━━━━━ INPUT DATA

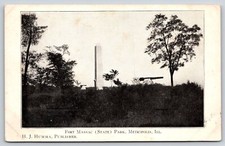 Metropolis Illinois ~ Cañones en la colina en Fort Massac State Park ~ Obelisco ~ Humma PC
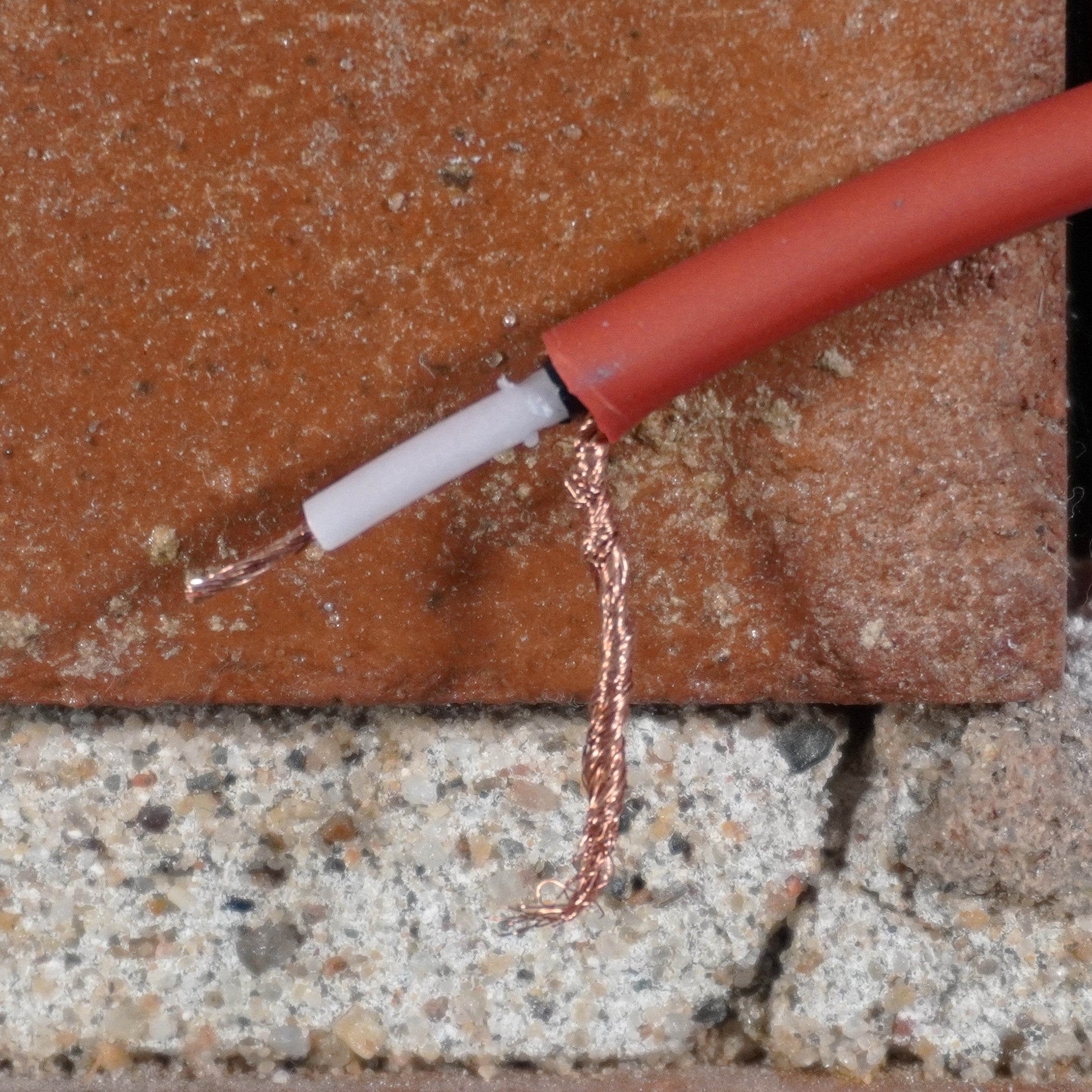 Lava Cable Mini ELC Bulk Instrument Cable Red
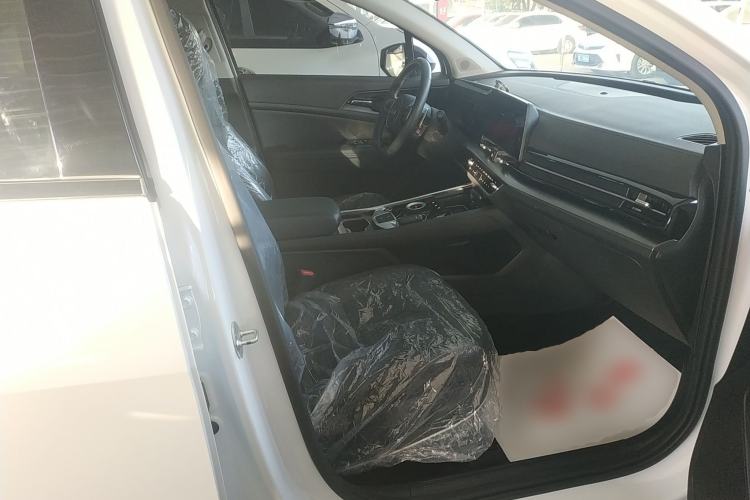 Used Kia Sportage 2023 2.0T Two-Wheel-Drive Prestige Edition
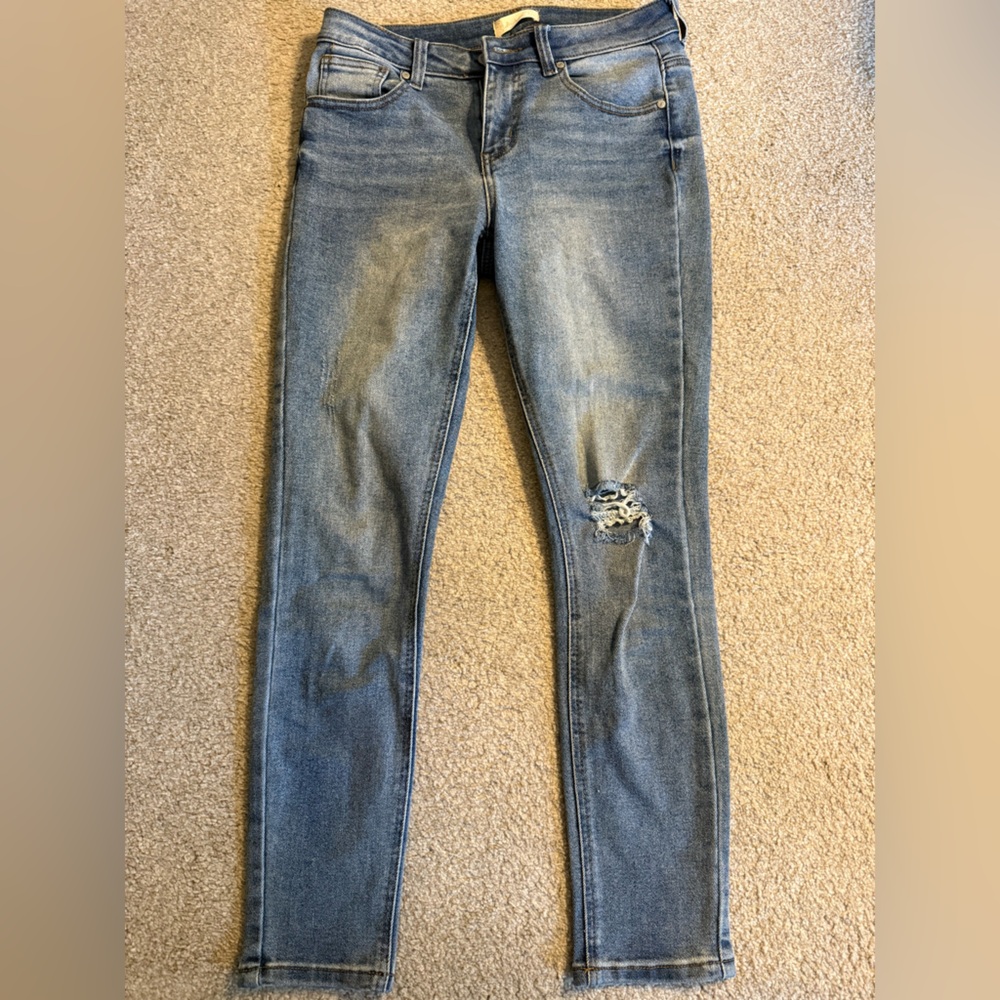 Women’s Blue Distressed Jeans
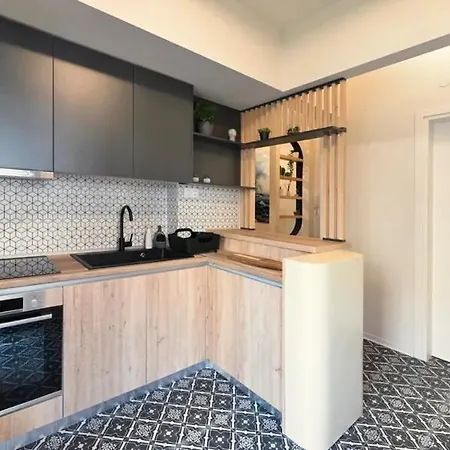 Wendy's Treehouse Apartment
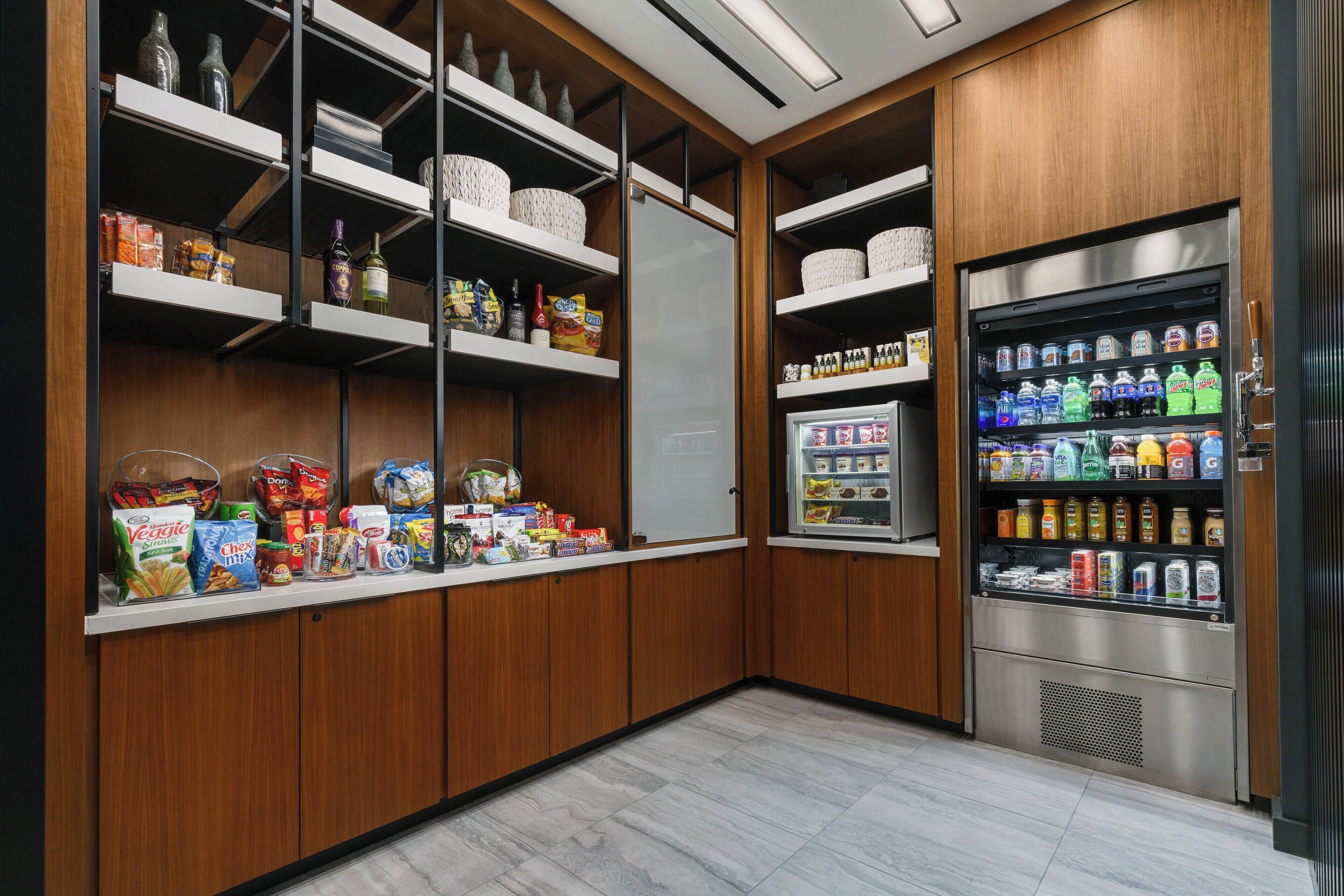 Un garde-manger avec des étagères remplies d’en-cas, de boissons et de condiments.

━━━━━━━━━━

#### WORK INSTRUCTION:
Repeat all of the entries above exactly. Keep pictures out of it.

#### FINISHED EXERCISE:
 Metropolis Illinois ~ Cañones en la colina en Fort Massac State Park ~ Obelisco ~ Humma PC
 Lava Cable Mini ELC Bulk Instrument Cable Red
 Used Kia Sportage 2023 2.0T Two-Wheel-Drive Prestige Edition
 Women’s Blue Distressed Jeans
 Wendy's Treehouse Apartment
 Un garde-manger avec des étagères remplies d’en-cas, de boissons et de condiments.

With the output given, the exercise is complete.